With certain exceptions, an employer may not enter into an agreement, express or implied, with a labor union whereby the employer agrees to cease or refrain from handling, using, selling, transporting, or otherwise dealing in the products of another employer.
Section 8(e) of the Act provides that "[i]t shall be an unfair labor practice for any labor organization and any employer to enter into any contract or agreement, express or implied, whereby such employer ceases or refrains or agrees to cease or refrain from handling, using, selling, transporting or otherwise dealing in any of the products of any other employer, or cease doing business with any other person," subject to two provisos, discussed below.
- This prohibition, enacted in 1959, complements Section 8(b)(4), enacted 12 years earlier. Section 8(b)(4) makes it unlawful for unions to engage in certain kinds of conduct with an object of forcing or requiring an employer to cease doing business with another employer. (For more on Section 8(b)(4), see "for unions" in this app.) Section 8(e) ensures that unions and employers cannot accomplish by agreement what Section 8(b)(4) outlaws unions from accomplishing by compulsion. With two exceptions, discussed below, Section 8(e) makes it unlawful for an employer and union to enter into an agreement in which the employer agrees to cease doing business with another employer. (Section 8(b)(4)(A), enacted in its present form at the same time as Section 8(e), closes a final loophole by prohibiting unions from forcing an employer to enter into an agreement to cease doing business with another employer.)
- Section 8(e) makes it unlawful to "enter into" certain kinds of agreements.
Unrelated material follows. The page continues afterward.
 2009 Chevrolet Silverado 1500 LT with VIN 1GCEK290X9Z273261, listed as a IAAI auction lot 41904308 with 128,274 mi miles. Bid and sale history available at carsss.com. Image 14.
For Section 8(e) purposes, an agreement is entered into when it is executed, and also every time it is reaffirmed or enforced.
- As interpreted by the Supreme Court, Section 8(e) outlaws agreements that come within the scope of its terms and have a secondary objective. If a contract clause has a primary objective of benefiting the contracting employer's own employees-such as by preserving work they customarily perform or recapturing work they used to perform-it is lawful even if it appears to be condemned by the literal terms of Section 8(e). The work in question must be "fairly claimable" by unit employees. Where the objective of an 8(e)-defective clause is not to preserve unit work but to acquire work that unit empIoyees have never performed and thus cannot fairly claim, Section 8(e) is violated.
- "Picket-line" clauses that permit employees to refuse to cross picket lines in support of lawful primary strikes are lawful. But picket-line clauses worded so broadly as to permit employees to refuse to cross picket lines in support of secondary boycotts violate Section 8(e). Thus, for example, a clause permitting employees to refuse to cross any picket line would be unlawful.
- "Struck-work" clauses in which an employer agrees, in essence, not to become an ally of a struck employer do not violate Section 8(e). (For more on the "ally doctrine", see "for unions" in this app.) Thus, for example, a clause providing that employees will not be required to handle work "farmed out" from a struck employer, while making clear that it does not apply to work the employer has customarily performed for such employer, would be lawful.
- Outside of the construction and garment manufacturing industries, union-signatory subcontracting clauses violate Section 8(e), but union-standards subcontracting clauses do not. Thus, a clause requiring the employer to subcontract work only to employers that have collective-bargaining agreements would be unlawful. But a clause requiring the employer to subcontract work only to employers that observe union-equivalent wages, hours, and benefits would not.
- The first or "construction industry" proviso to Section 8(e) exempts from its prohibition agreements in the construction industry relating to the contracting or subcontracting of work to be done at a construction site. Under the second proviso, Section 8(e) does not apply to certain agreements in the garment manufacturing industry.
- In Woelke & Romero Framing v. NLRB, 456 U.S. 645 (1982), the Supreme Court held that the construction industry proviso "shelters union signatory subcontracting clauses that are sought or negotiated in the context of a collective bargaining relationship." Thus, a general contractor and union that have a bargaining relationship (under either Section 9(a) or 8(f)) may enter into an agreement requiring the general contractor to subcontract construction-site work to union-signatory subcontractors. (A union may strike or picket to obtain such an agreement, but it may not do so (or threaten to do so) to enforce such an agreement.) In the absence of a collective-bargaining relationship, however, such an agreement is outside the shelter of the construction industry proviso.
- Under the second or "garment industry" proviso, Section 8(e) does not apply to certain agreements in the garment manufacturing industry. The purpose of the "garment industry" proviso is to protect agreements that prevent subcontracting "parts of an integrated process of production in the apparel and clothing industry" to sweatshops.